That does not mean nicotine becomes harmless.

Health authorities globally continue to warn that nicotine affects brain development in adolescents and young adults.

Research has linked youth nicotine exposure to impacts on attention, learning, memory formation and impulse control.

Because the human brain continues developing into the mid-twenties, young users face particular risks from sustained nicotine exposure.

The World Health Organization and multiple public health bodies have also warned that novel nicotine products can create new pathways into long-term dependence among people who might otherwise never have smoked.

This is where the economics become uncomfortable.

The most valuable customer for any nicotine company is not someone who purchases a product once.

It is someone who purchases it repeatedly for years.

Addiction is not an unfortunate side effect of the nicotine business.

It is the mechanism that sustains it.

The Profit Machine Behind The “Smokeless Future”

BAT’s financial disclosures show a company facing serious pressure in its traditional cigarette business.

Revenue declined nearly 10 percent during 2025. Illicit tobacco reached approximately 45 percent of the domestic market.

Yet investors were rewarded with record returns.

The explanation lies partly in the economics of newer nicotine products.

Industry analysts have long noted that oral nicotine products can carry attractive margins while requiring less complex manufacturing and distribution than traditional cigarettes.

Globally, BAT is investing heavily in nicotine pouches because executives view them as a major growth engine. Reuters reported this year that Velo’s strong performance has become increasingly important to BAT’s future strategy.

The implication is clear.

As cigarette consumption faces growing regulatory pressure, nicotine pouches may represent not the end of the nicotine business but its next chapter.

The Public Health Experiment Unfolding In Real Time

Kenya today finds itself at the centre of a large-scale public health experiment.

Supporters argue nicotine pouches could help adult smokers move away from combustible cigarettes.

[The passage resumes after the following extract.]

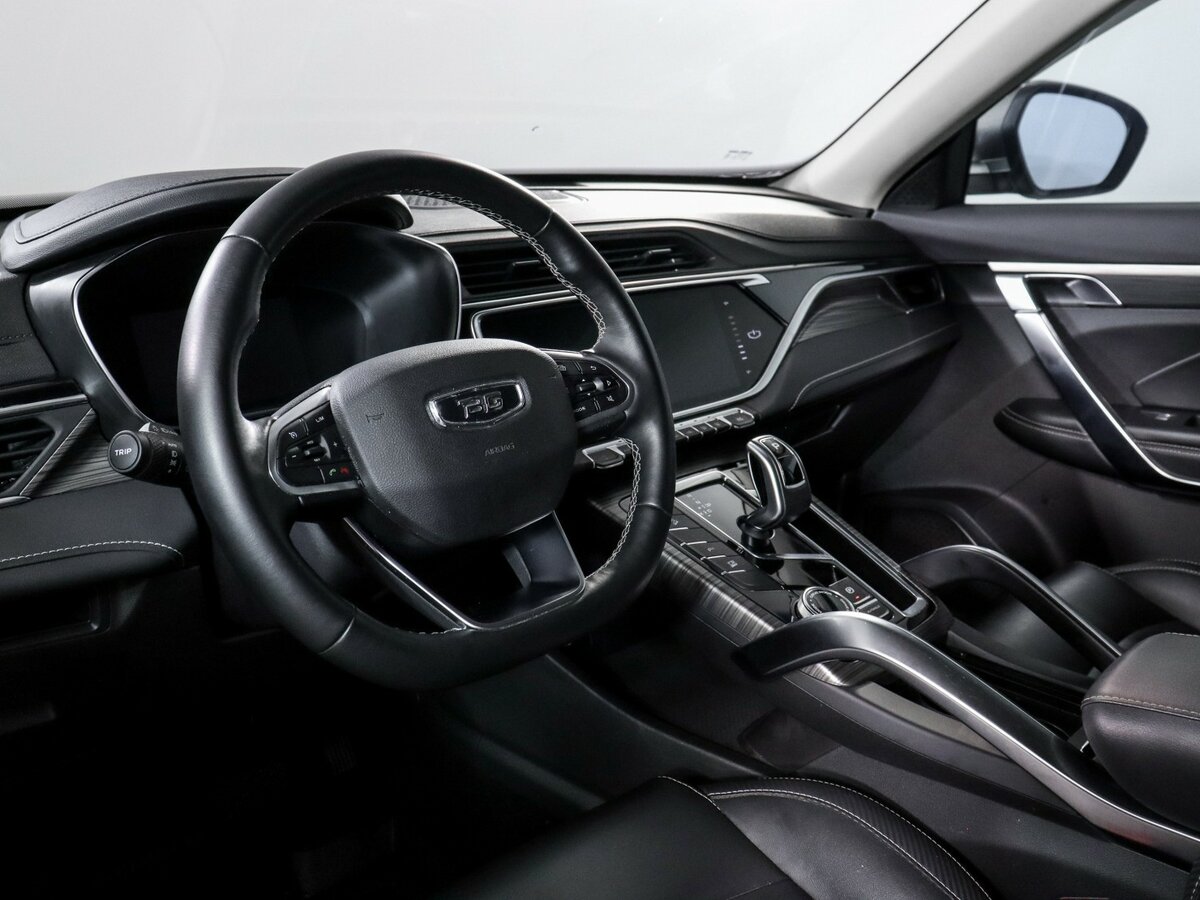 Belgee X70 с пробегом — 2024 год. Фото: #11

Critics fear the country is simultaneously creating a new generation of nicotine-dependent consumers.

Both claims may ultimately prove true.

That is what makes the debate so consequential.

BAT Kenya’s shareholders have already seen the benefits.

The company’s profits have recovered.

Dividends have reached record levels.

Its global parent is increasingly betting on products like Velo to drive future growth.

The unresolved question is who ultimately bears the cost.

Years from now, Kenya may look back on Velo as a successful harm-reduction tool that helped smokers quit combustible tobacco.

Or it may look back on it as the product that normalized nicotine use for a generation that never intended to smoke in the first place.

For now, one fact is beyond dispute.

Behind BAT Kenya’s record dividend lies a rapidly expanding nicotine category that has become too important for the company to fail.

That reality alone explains why the fight over Velo has become one of the most consequential corporate battles in Kenya’s public health landscape.